Deleting someone would be crazy. I did. Deleted a friend, or i thought was a friend. Well, it started by my hands were playing around blocking the man up to see how he'd viewed me afterward. I was only curious at the first place to see what happened on the stories or pictures of me if he was blocked. Can he view, can he not? Some part of me says no. However to my surprised, once u blocked someone, means u deleted the person automatically. And I think I just deleted him. Oh My, I'm dead meat! It was just a try out session.

Despite the Opss I Did It Again, my heart actually agreed on the result while my conscious/mind says no. Why? So that it shows professionalism. Think of it, how can u be professional to someone who don't deserve you? CRAP is already enough to handle but another version of disrespect? How can i handle that?

So, until I dont think you deserve me, u wont be in my list.


Wednesday, February 17, 2010

facing my own insecurity - FINALLY

so, FINALLY, i met him! FINALLY FINALLY FINALLY!!

i felt relieved. it feels good. i know the fact that we might not contact each other afterward, BUT the feeling of satisfaction after all the eager/afraid/insecure/whatever crap HILANG! disappeared! and it feels so DAMN GOOD and SATISFYING!

so, its all up to the nature and situation. i am neither hoping, happy nor sad for the future undertaking. i've done my job, i treat him nicely and i acted properly. so okaylah. enough for this first meeting.

and thanks woneng for being my angel for today :) I LOVE YOU A LOT!

Monday, February 8, 2010

2 weeks of a HOUSE-NOT-SO-WIFE

I went for a grocery shopping today with my brother. He acted as my assistant while I surveyed and doing the picking. We bought necessary stuff and kicked the wasted things away. We really tried to cut our budget low just because we want to learn the hard way of appreciating money. Besides, there are so many things to buy for our apartment. Washing machine, TV, table, sofa etc. We spent hundreds already for the groceries itself. My brother and I choose to use our own pocket money for most of everything. Trying to show/prove to papa and mama how serious we are in making this house a proper one independently . Since I'm still a student, i can't donate much on the house. For that reason, I will cut my shopping budget for few month so it goes to the house. I'm on diet myself and gym-ing. Until i have my ideal body, I will use the current clothes.
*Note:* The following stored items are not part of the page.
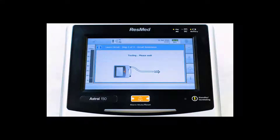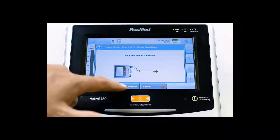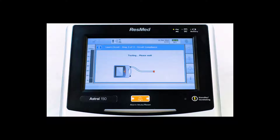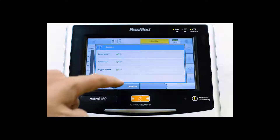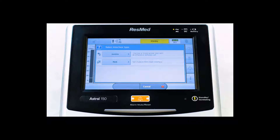Step 3: Now block the end of the circuit and select Continue. If all areas have green checkmarks, the learned circuit is completed successfully. Select Confirm.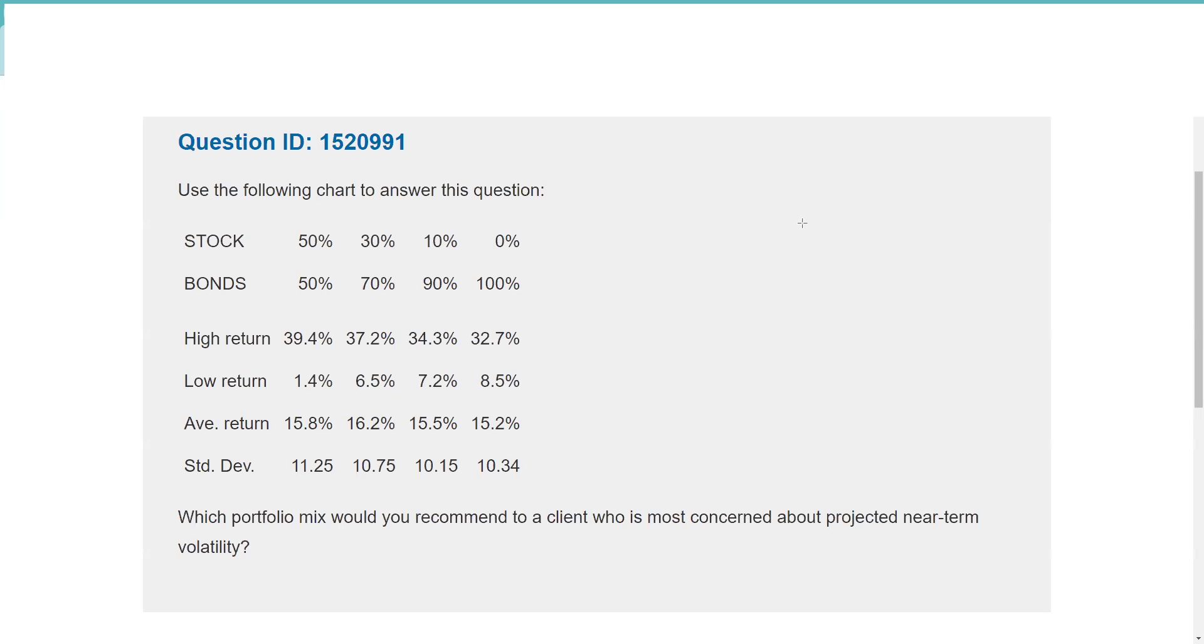Well greetings and salutations test takers, this is Dean Tinney, aka Series 7 Guru, coming to you from my studio here in fabulous Las Vegas with another explication request. This is for Series 65 and 66, best free supplement to your paid study materials on my YouTube channel.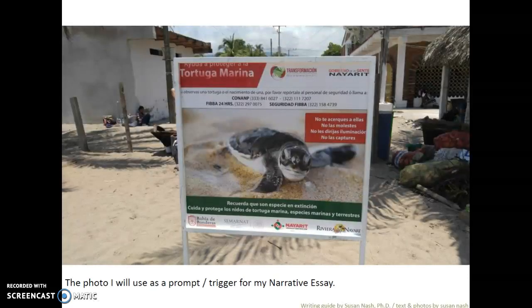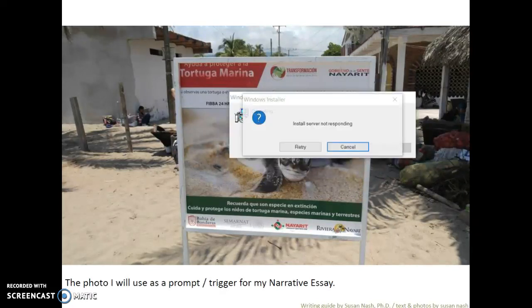Here's the photo — it was from a poster, Tortuga Marina, and it says: No te acerques a ellas, no las molestes, no les dirijas iluminacion, no las capturas.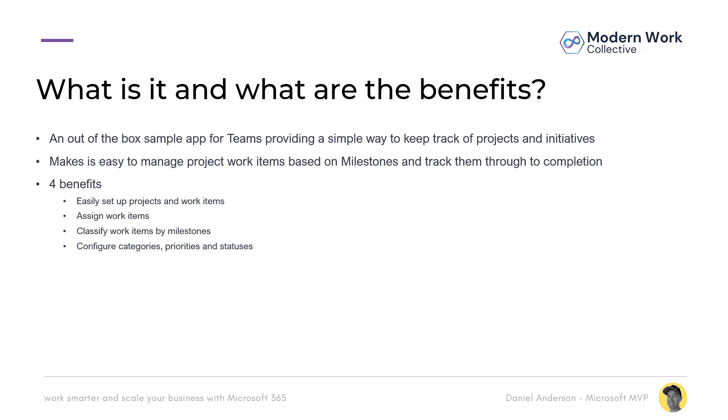Now there are a few benefits that you are going to see and realize throughout as we walk through this application. It is easy to set up projects and individual work items. We can assign these work items to members of the project team. We can classify work items by milestones and we can configure categories, priorities and statuses as well.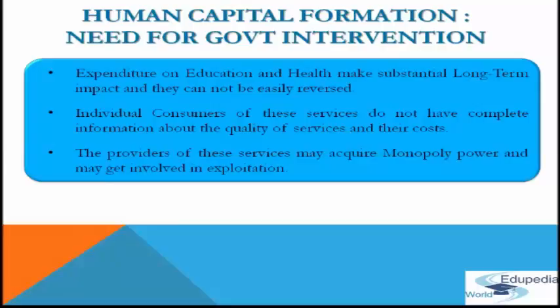The first reason is that expenditures on education and health make a substantial long-term impact and they cannot be easily reversed. For example, if a child is admitted to a school or health care center and the required services are not provided, then a substantial amount of damage would have been done before the decision is taken to shift the child to another institution.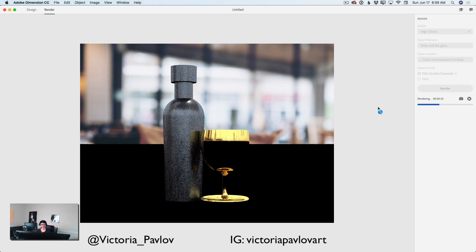Thank you guys. I hope you liked this tutorial. If so, please create something and share on Twitter or Instagram, and tag me in your creation. As usual, I'm asking for it because I really want to see what you will create after my tutorial. And of course, if you have any questions, just ask. Thank you guys for being with me. Super appreciated. See you next time. Bye!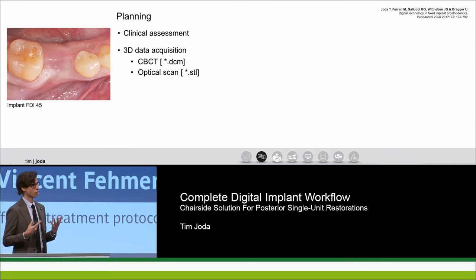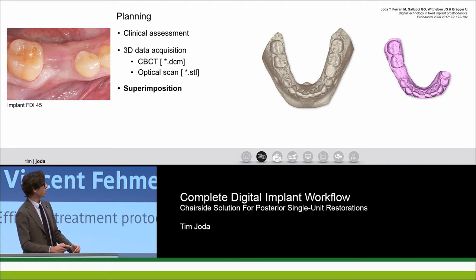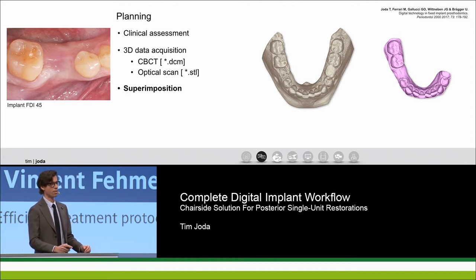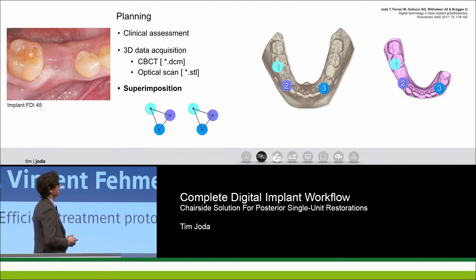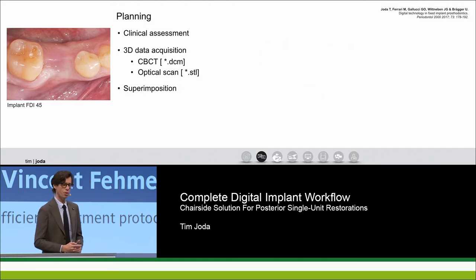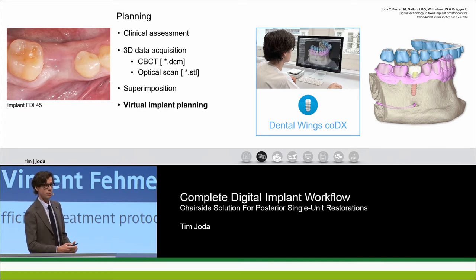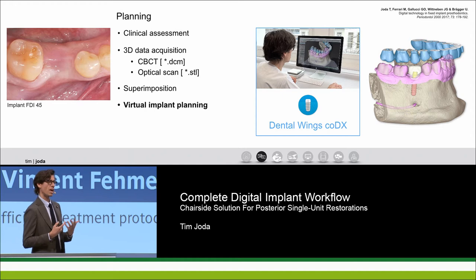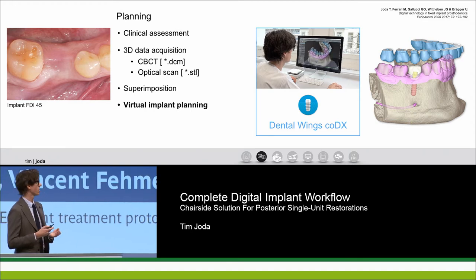The next crucial step is to merge both pieces of information. We use the program co-diagnostics for virtual implant planning — to merge the STL file, shown in pink on the right, with the DICOM file on the left. We need at least three corresponding reference points to superimpose them. It's really important to have the cone beam CT include the opposing arch, because we work entirely digitally without any physical models.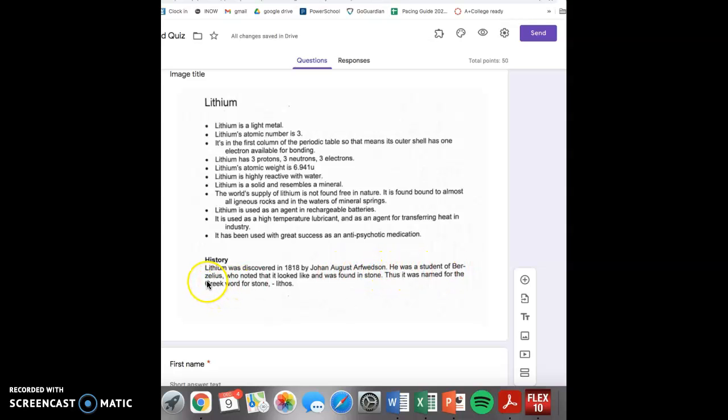Lithium was named for the Greek word for blank, meaning lithos. Is it mouse, stone, or stick?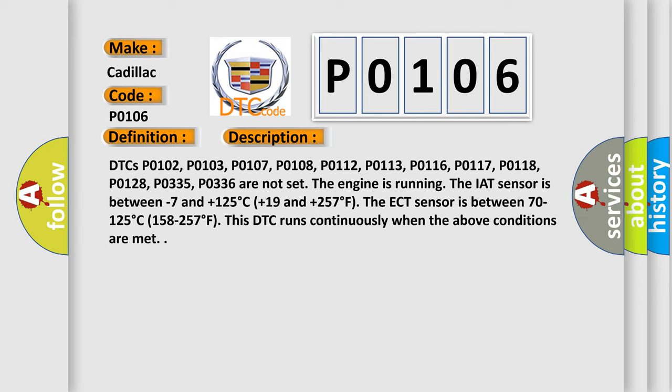The ECT sensor is between minus 7 and plus 125 degrees Celsius, plus 19 and plus 257 degrees Fahrenheit. The ECT sensor is between 70 to 125 degrees Celsius, 158 to 257 degrees Fahrenheit. This DTC runs continuously when the above conditions are met.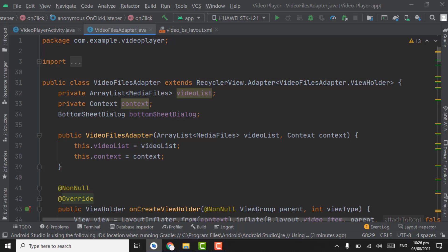Assalamu alaikum. In this tutorial we will work on properties of video files, swipe down to refresh for video files, and also we will work on showing the total number of video files in a folder. Now let's start.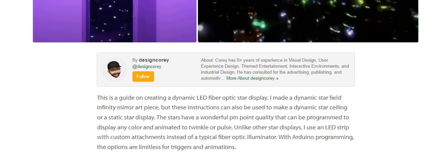This is a guide on creating a dynamic light fiber optic star display. I made a dynamic star field infinity mirror art piece, but these instructions can also be used to make a dynamic star ceiling or a static star display. The stars have a wonderful pinpoint quality that can be programmed to display any color and animated to twinkle or pulse.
Or i hope? :P

I neglected the house for quite sometime without realizing how COMFY and RELAXING it is. Without any disturbance. This week, I chose to be here hoping i'll managed to tidy it up in a day. I was wrong indeed. It was in a total mess! My brother really knows how to KICK the HOUSE dirty! haish. sabar je lah...

Today, I cleaned the house. I started with the kitchen as it is the dirtiest place. I brushed rather than moping so all the stingy dust and dirt will vacate the area *buat serabut je. Finally, its cleaned! *proud

Haish, got many more to hygienic. I haven't settled the 3 rooms, store and living room. 2 bathrooms too! I choose to stay off-campus for 2 weeks and stays here in Puchong. By that time, it will be a sparkling dirt free uncontaminated house! wooosshh can't wait! :P

If I get to tired or need to relax, I will pull out my swimming suit and jump into the pool *splashh splasshh splasshh. ahh.. feels good! Swim session starts!

As for this week, I have my brother to accompany me. Not next week though. He'll be back to Terengganu and I'll be HOME ALONE. For the whole week :(


Thursday, February 4, 2010

Random Mumble Gaga

So i was viewing the new IPAD. More to Ipod but it's bigger and a PAD size. I'm not sure to fall in love or what but sounds cool and catchy. Will survey the price once it hits Malaysia.

I noticed one thing. When i had problems, mentally disoriented or plain stress (overloaded work), I will have sleeping problems. Upside down timing. Very Abnormal. It happens, NOW

I think I should go for facial treatment once a month. i need my normal look. no make up, FRESH face.